*** Material for this task ***

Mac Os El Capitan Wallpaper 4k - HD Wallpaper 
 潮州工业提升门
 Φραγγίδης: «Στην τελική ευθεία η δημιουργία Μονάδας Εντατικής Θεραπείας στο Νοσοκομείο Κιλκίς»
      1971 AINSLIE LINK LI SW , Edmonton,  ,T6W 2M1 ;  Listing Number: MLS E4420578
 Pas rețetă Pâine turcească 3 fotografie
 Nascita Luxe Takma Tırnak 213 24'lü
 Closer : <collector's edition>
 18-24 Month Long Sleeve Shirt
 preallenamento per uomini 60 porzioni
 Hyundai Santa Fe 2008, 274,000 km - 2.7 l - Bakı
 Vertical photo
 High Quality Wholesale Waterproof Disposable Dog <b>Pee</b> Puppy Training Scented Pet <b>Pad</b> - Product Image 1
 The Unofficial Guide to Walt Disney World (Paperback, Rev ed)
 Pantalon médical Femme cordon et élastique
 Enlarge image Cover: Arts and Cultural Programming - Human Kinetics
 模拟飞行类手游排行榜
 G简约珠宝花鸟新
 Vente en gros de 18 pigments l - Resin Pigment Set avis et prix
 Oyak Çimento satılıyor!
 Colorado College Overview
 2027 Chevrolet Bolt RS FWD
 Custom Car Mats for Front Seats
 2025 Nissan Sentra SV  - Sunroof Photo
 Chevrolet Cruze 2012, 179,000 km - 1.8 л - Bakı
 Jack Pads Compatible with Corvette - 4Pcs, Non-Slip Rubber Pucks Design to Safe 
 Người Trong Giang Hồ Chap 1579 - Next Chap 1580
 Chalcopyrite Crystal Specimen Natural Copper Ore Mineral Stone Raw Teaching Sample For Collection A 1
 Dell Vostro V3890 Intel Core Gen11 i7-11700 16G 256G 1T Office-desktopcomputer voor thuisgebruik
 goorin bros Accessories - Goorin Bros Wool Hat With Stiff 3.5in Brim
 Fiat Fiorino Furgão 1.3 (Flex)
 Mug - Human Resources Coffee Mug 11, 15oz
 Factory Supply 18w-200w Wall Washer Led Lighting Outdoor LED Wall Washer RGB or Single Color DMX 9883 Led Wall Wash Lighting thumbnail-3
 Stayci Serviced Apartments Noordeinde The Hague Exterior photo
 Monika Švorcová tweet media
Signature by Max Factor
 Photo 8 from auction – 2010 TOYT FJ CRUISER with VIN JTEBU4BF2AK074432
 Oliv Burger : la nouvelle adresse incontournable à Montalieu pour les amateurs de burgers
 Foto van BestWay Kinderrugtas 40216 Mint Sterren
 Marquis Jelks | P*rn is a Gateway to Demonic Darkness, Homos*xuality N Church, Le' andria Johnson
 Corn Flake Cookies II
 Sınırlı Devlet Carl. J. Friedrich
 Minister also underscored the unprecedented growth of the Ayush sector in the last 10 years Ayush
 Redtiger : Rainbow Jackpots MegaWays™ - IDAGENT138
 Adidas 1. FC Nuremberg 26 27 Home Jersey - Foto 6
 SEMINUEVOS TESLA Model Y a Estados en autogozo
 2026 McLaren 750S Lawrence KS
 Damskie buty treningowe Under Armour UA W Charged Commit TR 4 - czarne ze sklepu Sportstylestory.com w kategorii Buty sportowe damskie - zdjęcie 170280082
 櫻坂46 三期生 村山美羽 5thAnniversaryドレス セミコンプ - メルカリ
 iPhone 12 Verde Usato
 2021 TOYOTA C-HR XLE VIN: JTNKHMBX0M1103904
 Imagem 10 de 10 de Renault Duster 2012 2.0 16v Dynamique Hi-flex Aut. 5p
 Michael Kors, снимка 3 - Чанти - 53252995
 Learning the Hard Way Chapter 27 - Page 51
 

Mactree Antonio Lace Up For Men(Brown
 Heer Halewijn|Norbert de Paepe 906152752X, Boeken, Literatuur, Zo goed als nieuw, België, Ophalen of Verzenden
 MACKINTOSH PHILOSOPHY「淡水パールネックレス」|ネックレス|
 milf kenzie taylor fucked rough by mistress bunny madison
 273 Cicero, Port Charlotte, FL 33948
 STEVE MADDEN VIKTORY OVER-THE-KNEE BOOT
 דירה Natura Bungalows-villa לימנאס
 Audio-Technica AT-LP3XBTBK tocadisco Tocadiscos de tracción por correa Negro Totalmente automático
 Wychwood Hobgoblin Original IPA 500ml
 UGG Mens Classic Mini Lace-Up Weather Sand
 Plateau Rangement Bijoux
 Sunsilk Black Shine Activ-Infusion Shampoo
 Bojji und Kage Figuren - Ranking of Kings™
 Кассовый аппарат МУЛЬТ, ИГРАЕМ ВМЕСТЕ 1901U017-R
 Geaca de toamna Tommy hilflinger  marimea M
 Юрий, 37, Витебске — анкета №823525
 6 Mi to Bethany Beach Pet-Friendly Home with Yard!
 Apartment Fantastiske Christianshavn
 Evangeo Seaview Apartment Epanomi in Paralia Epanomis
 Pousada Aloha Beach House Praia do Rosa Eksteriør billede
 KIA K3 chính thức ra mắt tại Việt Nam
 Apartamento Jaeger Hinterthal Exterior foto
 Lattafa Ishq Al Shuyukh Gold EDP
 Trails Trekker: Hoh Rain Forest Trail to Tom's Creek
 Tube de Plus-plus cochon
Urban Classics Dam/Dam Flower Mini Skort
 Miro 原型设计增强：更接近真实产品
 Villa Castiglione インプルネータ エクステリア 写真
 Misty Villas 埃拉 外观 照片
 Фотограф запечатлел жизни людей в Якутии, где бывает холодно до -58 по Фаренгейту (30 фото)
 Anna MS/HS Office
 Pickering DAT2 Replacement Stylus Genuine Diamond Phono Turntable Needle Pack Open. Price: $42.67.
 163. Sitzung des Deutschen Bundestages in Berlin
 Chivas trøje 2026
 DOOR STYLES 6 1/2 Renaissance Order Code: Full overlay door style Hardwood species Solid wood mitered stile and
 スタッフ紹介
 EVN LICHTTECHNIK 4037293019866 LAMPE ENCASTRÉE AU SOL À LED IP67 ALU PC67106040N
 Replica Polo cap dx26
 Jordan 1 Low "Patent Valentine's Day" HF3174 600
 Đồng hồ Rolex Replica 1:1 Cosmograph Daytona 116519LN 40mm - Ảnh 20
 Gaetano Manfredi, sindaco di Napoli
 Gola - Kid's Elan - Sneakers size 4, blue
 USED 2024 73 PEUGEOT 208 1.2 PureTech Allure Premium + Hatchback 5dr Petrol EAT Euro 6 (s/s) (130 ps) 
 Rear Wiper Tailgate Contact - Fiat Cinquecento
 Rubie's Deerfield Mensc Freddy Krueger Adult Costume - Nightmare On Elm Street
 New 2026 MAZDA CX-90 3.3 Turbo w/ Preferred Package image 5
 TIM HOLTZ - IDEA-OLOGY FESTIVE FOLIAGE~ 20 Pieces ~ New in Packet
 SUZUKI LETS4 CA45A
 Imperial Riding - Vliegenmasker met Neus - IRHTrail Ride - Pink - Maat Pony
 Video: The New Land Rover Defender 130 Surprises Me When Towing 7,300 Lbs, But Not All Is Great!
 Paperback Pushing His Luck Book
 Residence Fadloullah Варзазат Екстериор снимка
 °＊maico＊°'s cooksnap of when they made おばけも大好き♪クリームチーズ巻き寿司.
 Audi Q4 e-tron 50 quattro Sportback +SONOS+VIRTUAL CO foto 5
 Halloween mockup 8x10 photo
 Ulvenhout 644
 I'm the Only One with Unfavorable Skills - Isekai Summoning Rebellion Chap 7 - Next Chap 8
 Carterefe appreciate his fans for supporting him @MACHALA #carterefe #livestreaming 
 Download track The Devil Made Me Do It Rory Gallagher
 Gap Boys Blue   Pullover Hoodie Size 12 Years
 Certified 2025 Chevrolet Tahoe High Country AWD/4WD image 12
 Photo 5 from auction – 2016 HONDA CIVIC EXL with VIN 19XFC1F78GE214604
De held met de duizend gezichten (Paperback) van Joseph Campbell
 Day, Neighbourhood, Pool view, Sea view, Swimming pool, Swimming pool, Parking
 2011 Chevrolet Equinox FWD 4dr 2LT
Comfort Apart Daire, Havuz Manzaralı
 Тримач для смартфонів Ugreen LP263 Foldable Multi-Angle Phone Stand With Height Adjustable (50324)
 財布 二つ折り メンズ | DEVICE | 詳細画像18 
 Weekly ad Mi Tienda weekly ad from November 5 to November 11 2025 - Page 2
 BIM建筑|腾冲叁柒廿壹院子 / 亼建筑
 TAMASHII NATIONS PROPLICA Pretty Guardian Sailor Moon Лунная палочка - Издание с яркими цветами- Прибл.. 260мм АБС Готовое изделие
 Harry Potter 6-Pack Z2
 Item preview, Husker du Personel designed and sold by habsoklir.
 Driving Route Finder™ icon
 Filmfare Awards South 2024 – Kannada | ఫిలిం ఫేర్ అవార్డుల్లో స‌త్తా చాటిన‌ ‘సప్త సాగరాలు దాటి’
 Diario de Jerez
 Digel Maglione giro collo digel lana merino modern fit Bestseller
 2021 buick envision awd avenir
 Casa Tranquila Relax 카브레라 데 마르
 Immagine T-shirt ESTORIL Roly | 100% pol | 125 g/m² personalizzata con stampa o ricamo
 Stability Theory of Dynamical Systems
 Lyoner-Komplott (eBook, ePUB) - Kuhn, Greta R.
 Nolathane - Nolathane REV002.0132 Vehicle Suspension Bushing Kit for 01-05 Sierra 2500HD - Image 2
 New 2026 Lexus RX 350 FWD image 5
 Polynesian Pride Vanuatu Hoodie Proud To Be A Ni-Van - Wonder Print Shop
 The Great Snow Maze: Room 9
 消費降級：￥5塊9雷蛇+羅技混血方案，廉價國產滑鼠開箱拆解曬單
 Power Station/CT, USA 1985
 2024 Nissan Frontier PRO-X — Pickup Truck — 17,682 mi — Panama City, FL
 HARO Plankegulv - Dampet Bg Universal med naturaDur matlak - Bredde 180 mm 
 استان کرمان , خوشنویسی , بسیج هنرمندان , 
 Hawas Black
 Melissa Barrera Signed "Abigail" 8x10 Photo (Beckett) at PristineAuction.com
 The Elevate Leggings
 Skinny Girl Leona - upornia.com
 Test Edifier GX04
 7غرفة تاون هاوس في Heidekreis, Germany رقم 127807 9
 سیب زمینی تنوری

*** End of Material for this task ***

Please transcribe only the lines in the records above running from the line that has "櫻坂46 三期生 村山美羽 5thAnniversaryドレス セミコンプ - メルカリ" through the line that has "דירה Natura Bungalows-villa לימנאס", both included, exactly as they appear.

### Result of this task
 櫻坂46 三期生 村山美羽 5thAnniversaryドレス セミコンプ - メルカリ
 iPhone 12 Verde Usato
 2021 TOYOTA C-HR XLE VIN: JTNKHMBX0M1103904
 Imagem 10 de 10 de Renault Duster 2012 2.0 16v Dynamique Hi-flex Aut. 5p
 Michael Kors, снимка 3 - Чанти - 53252995
 Learning the Hard Way Chapter 27 - Page 51
 

Mactree Antonio Lace Up For Men(Brown
 Heer Halewijn|Norbert de Paepe 906152752X, Boeken, Literatuur, Zo goed als nieuw, België, Ophalen of Verzenden
 MACKINTOSH PHILOSOPHY「淡水パールネックレス」|ネックレス|
 milf kenzie taylor fucked rough by mistress bunny madison
 273 Cicero, Port Charlotte, FL 33948
 STEVE MADDEN VIKTORY OVER-THE-KNEE BOOT
 דירה Natura Bungalows-villa לימנאס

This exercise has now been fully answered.